Infants with CCHD, as a group, are perhaps the most seriously ill infants needing intensive nursing and medical care and commonly experience hemodynamic instability in response to various stimuli.11 For these reasons, physiologic effects of SSC in the CCHD population must be examined before recommending incorporation of SSC into standard care routines. We began our investigations by conducting a case study to document physiologic responses while assessing feasibility and safety in the CCHD population. The purpose of the case study was to describe the physiologic response (heart rate, respiratory rate, oxygenation, blood pressure, temperature) to a single session of SSC in an 18-day-old infant in the pediatric intensive care unit following a hybrid procedure for treatment of hypoplastic left heart syndrome. Observations were made before SSC, during transfers into and out of SSC, during SSC, during bottle and breast feeding, and after SSC.

Case Study

The case study reported here was part of a larger, IRB-approved study of maternally provided SSC for which the mother provided written informed consent. The male infant was born at 39 3/7 weeks, weighed 3050 grams, and had APGARS of 7 and 7 following vaginal delivery to a 40 year old, G7 P7 married mother. The infant was diagnosed at 27 weeks gestation with hypoplastic left heart syndrome (HLHS). HLHS is one of the most serious types of congenital heart defects in which the aorta and the left side of the heart are underdeveloped with a tiny aorta and a minimally functional left ventricle. In this single ventricle physiology, the right ventricle pumps blood to both the pulmonary and systemic circulation. Palliation of the HLHS defect involves two major surgeries within the first months of life followed by a third surgery at age two or three years. The first surgical intervention for this infant was the hybrid stage I procedure. There are two parts to the hybrid procedure. First, a stent is placed in the ductus arteriosus to maintain mixing of blood between the aorta and the pulmonary artery and bands are placed around bilateral branch pulmonary arteries to reduce pressure on the pulmonary vasculature.12,13 Second, an atrial septostomy is performed in the cardiac catheterization suite several days after the initial procedure to increase the mixing of pulmonary and systemic blood.
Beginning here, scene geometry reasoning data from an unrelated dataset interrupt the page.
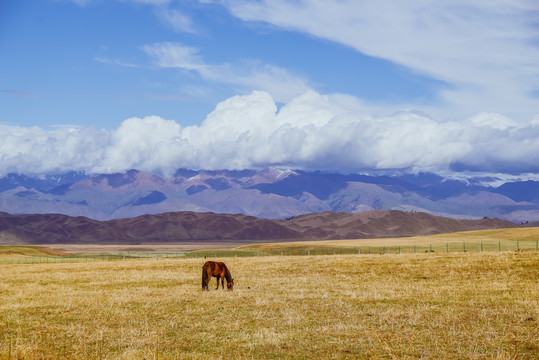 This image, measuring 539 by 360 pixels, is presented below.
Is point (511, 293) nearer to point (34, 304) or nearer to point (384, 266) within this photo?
point (384, 266)

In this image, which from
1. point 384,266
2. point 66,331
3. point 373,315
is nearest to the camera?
point 66,331

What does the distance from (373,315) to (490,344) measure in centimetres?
645

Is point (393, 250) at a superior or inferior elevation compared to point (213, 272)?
inferior

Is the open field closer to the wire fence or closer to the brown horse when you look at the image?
the brown horse

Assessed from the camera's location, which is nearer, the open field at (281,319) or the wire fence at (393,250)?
the open field at (281,319)

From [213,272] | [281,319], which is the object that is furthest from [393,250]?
[281,319]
The hybrid procedure allows palliation and improved oxygenation without requiring cardio-pulmonary bypass.12,13 The infant had completed both parts of the hybrid procedure six days before SSC was observed for this case study.

At delivery, the infant was vigorous with heart rate in the 160s and peripheral oxygen saturation of 100% on room air. The infant’s diagnosis of HLHS was confirmed, and he underwent part 1 of the hybrid procedure at seven days of age. The evening of this initial hybrid procedure, the infant experienced two episodes of significant bradycardia requiring compressions for five and two minutes respectively. At 12 days of age, part 2 of the hybrid procedure (an atrial septostomy) was performed without incident. The infant was diagnosed with a gram negative pneumonia at 13 days of age and was treated with intravenous piperacillin-tazobactam for seven days. The infant experienced eight days of mechanical ventilation, was in the intensive care unit for a total of 19 days, and was discharged home at 21 days of age. The SSC reported here was administered on the 18th day of life. At this time, the infant had been extubated for three days and was receiving IV antibiotics through a peripherally inserted central catheter (PICC). Nasogastric feedings had been started nine days prior and oral feedings with a bottle one day prior to the SSC observation. Although the mother planned to breastfeed, no breast feedings had yet occurred.

Measurement and Procedure

Observations during one session of SSC were conducted in a 4-bed intensive care room in the pediatric intensive care unit and began 30 minutes following a4-minute afternoon bottle feeding of 11 milliliters of expressed breast milk. Privacy curtains were pulled around the infant’s bedside. Heart rate (HR), respiratory rate (RR), and peripheral oxygen saturations (SpO2) were recorded manually by a trained research assistant every 30 seconds from data displayed on the hospital bedside monitor (Spacelabs Healthcare, OSI Systems, Inc.) based on a 5-lead ECG and pulse oximeter sensor wrapped around the right mid-foot. Blood pressure (BP) was recorded from data displayed on the bedside monitor after the bedside nurse inflated the BP cuff on the infant’s left upper arm once before SSC and three times during SSC. Axillary temperature was taken once by the bedside nurse using a digital thermometer (Welch Allyn, Inc.) 17 minutes after beginning SSC. Behavioral state was observed following documentation of the physiologic data every 30 seconds, and the predominant infant state during each 30-second epoch was recorded. The Brazelton Scale14 was used for scoring infant state and included six possible states: Quiet Sleep (regular respiratory pattern throughout an 8 second screen displaying the wave pattern), Active Sleep (irregular respiratory pattern), Sleep-Wake Transition (drowsy, eyes opening and closing), Quiet Alert (eyes open), Active Alert (body movements), and Crying.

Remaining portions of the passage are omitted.